I think I might be in your shoes. Except they are actually my shoes. Either way these shoes are wasted.
I now officially know the distance between my two boobs is one twizzler.
I wish life had little blips of pornography
Nothing sez sunday morning like waking up in a phonebooth with a leg cramp.
There is soup leaking out of my nose nothing in life has prepared me for this moment
You left for an hour, then walked up to us at the bar, pulled 80 dollars out of your bra and yelled " drinks are on him".
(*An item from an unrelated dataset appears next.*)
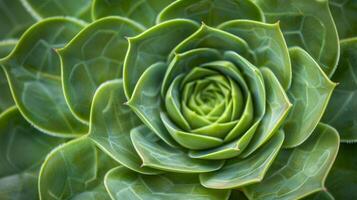 The spiral pattern of a succulents rosette is highlighted in a detailed shot showing the perfect symmetry and unique shape of each individual leaf photo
I'm promoting my liver to CEO of my body cause it clearly works harder than anything else.
What are you doing? Because if it happens to be drinking, or even any activity that rhymes with "drinking", I'll be over in 5.
I'm just gonna yell "SURPRISE ME" and see what happens. No way this could go wrong
It looks like I jerked off a rainbow.
Godammit I caught my hair on fire taking a bong rip
I mean it's up to you where you want to sleep but I'm telling you you're going to hear us have sex no matter what room you're in.
Fair enough
So, I can officially cross "getting eaten out in a church confession booth" off my bucket list.
You'd think that a rotation of two 30 year old men could keep me satisfied... WHY ISN'T THERE A MAN THAT CAN KEEP UP WITH MY HEALTHY SEXUAL APPETITE?!